The token slid as much as 4.5% and was trading at $28,221 as of 2:16 p.m. in New York. Smaller coins such as Ether and Solana also retreated, as did an index of the top 100 digital assets.
Bitcoin’s 72% rebound in 2023 from last year’s crypto rout has stalled around the $30,000 level as traders await further catalysts. The rally has been fueled by bets on an eventual Federal Reserve pivot to looser monetary policy as well as arguments that the US banking crisis eroded confidence in fiat currency.
First Republic Bank is at the center of the latest leg of the banking woes in the US. JPMorgan Chase & Co. won the bidding to acquire the bank in an emergency government-led intervention after private rescue efforts failed to fill a hole on the troubled lender’s balance sheet and customers yanked their deposits.

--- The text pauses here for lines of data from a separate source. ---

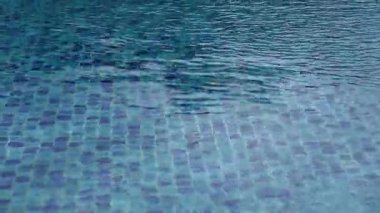 Mavi mozaik fayansların üzerinde hafif dalgalanmalar olan sakin yüzme havuzu görüntüsü, rahatlatıcı soyut bir arkaplan yaratıyor. Yaz, sağlık, tatil beldesi ve lüks kavramlar için ideal temiz, ferahlatıcı bir doku..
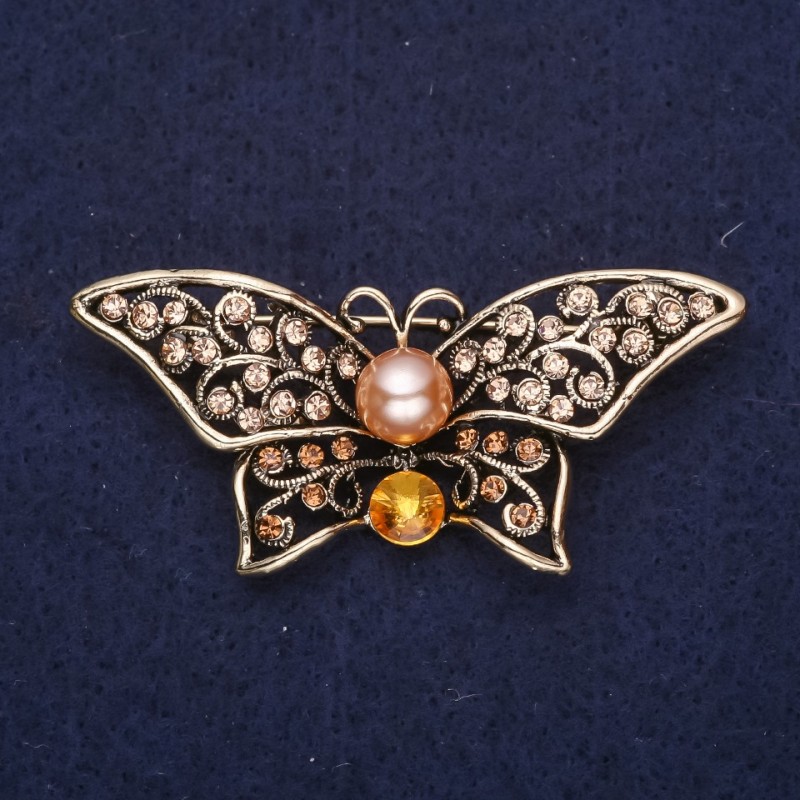 Broszka Motyl z żółtymi kamieniami i perłowym koralikiem, 55 × 25 mm, żółty metal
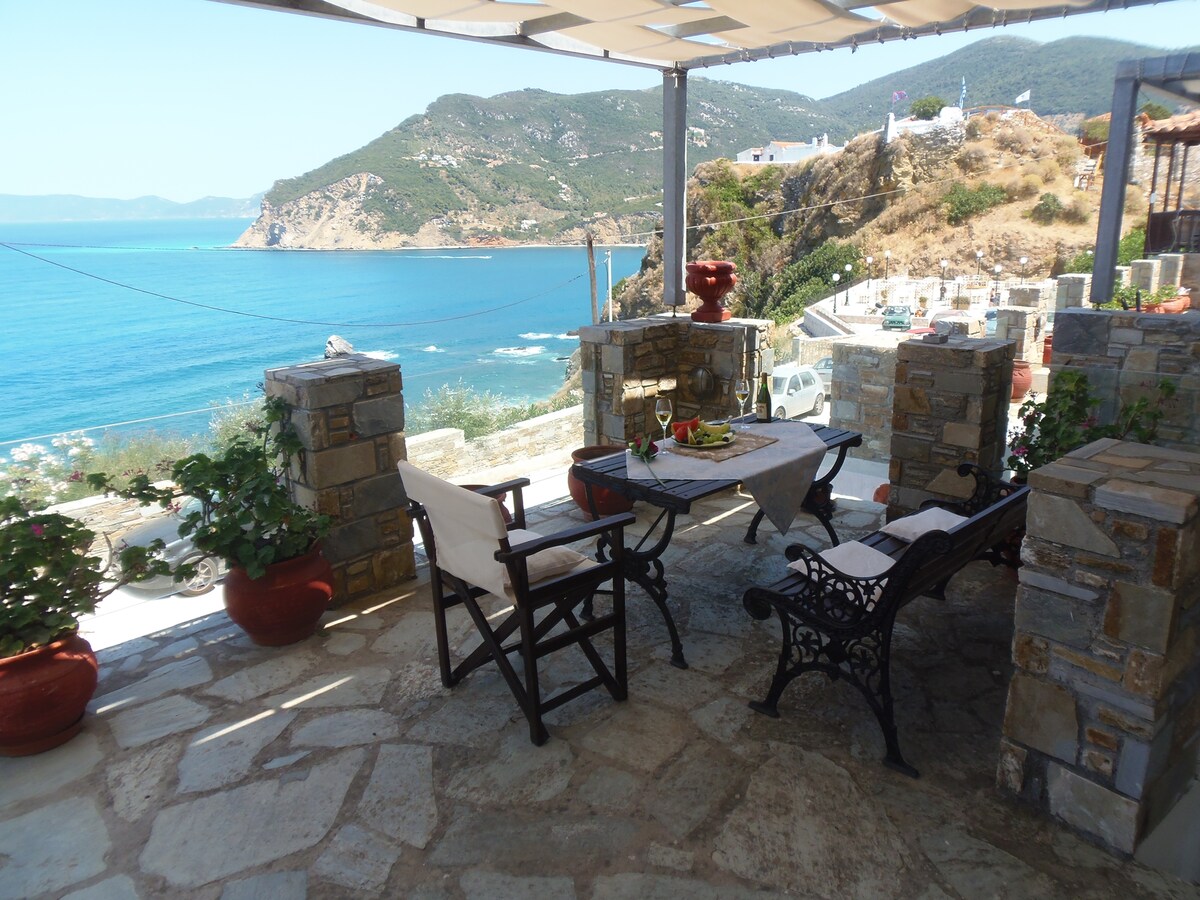 A shaded outdoor seating area is presented with a dining table and chairs, offering panoramic views of the Aegean Sea and surrounding hills. Stone and wooden features create a rustic ambiance, while potted plants add a touch of nature to the space.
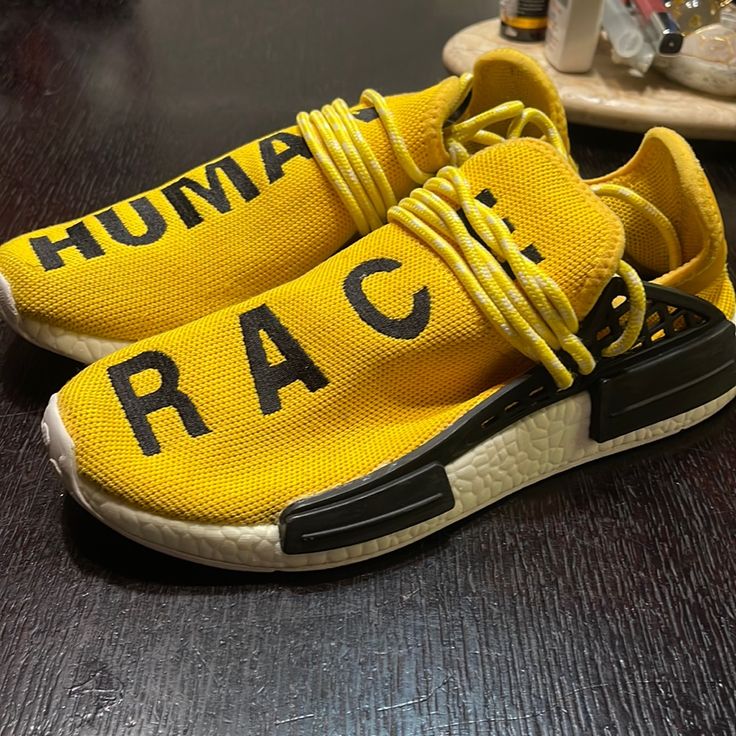 Yellow Race Human Pharrell Williams Mens Sneakers Size 7 Used Still In Good Condition Brand New Price On Goat App Is 2,276 New Price, Shoes Adidas, Pharrell Williams, Adidas Black, Black Adidas, Adidas Shoes, Black N Yellow, Adidas Men, Adidas Sneakers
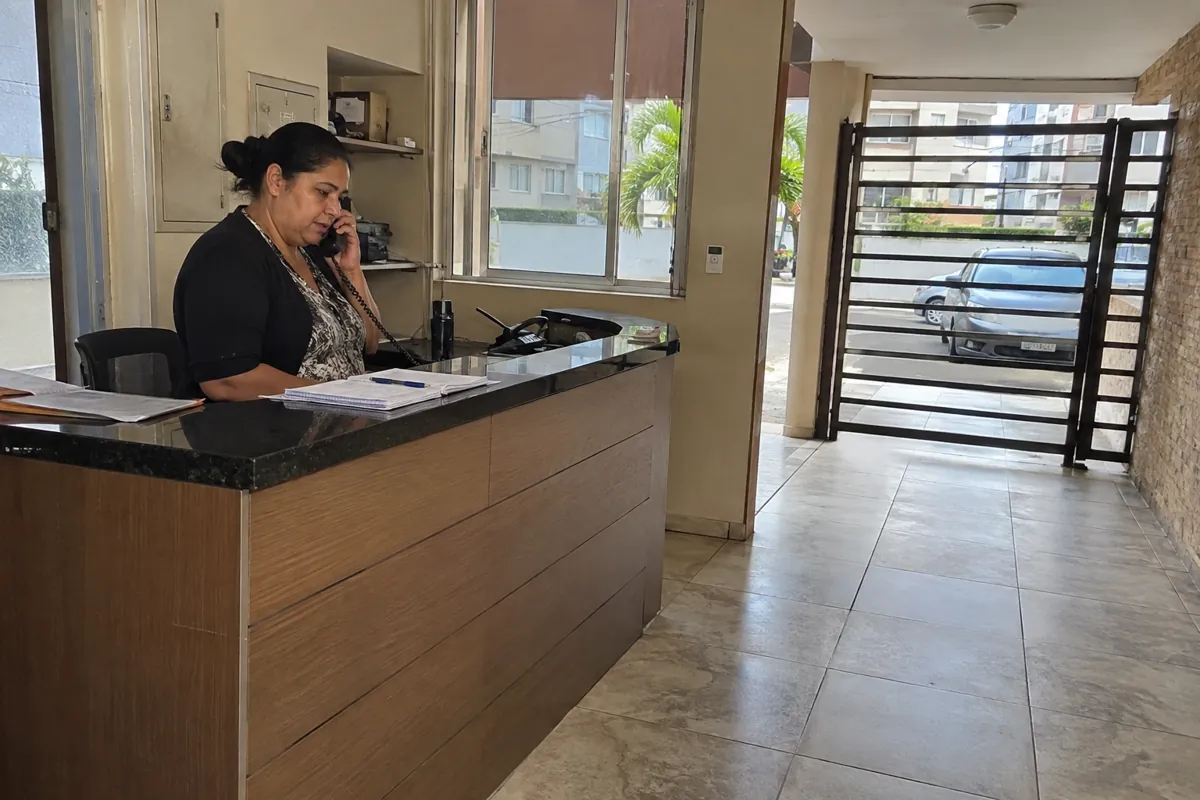 Una mujer habla por teléfono detrás de un mostrador junto a la entrada despejada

“The market is very jittery as it waits to see what happens to First Republic Bank,” said Adrian Przelozny, head of crypto exchange Independent Reserve. Monday’s Bitcoin wobble may be “just volatility related to this, and some long positions got liquidated as the market dropped a bit, which then cascaded.”
Bitcoin’s four-month stretch of gains through April ranks as the longest since a six-month advance to March 2021. In the past decade, four-month winning runs in Bitcoin foreshadowed an average surge of 260% over the subsequent year, data compiled by Bloomberg show.
Bitcoin and the wider crypto world remain exposed to a variety of risks, such as the US crackdown on the sector and the possibility of traders paring back expectations that monetary policy will become less restrictive later this year.
For now, the Fed is expected to boost interest rates by another quarter percentage point on Wednesday to damp inflation even as economic risks build.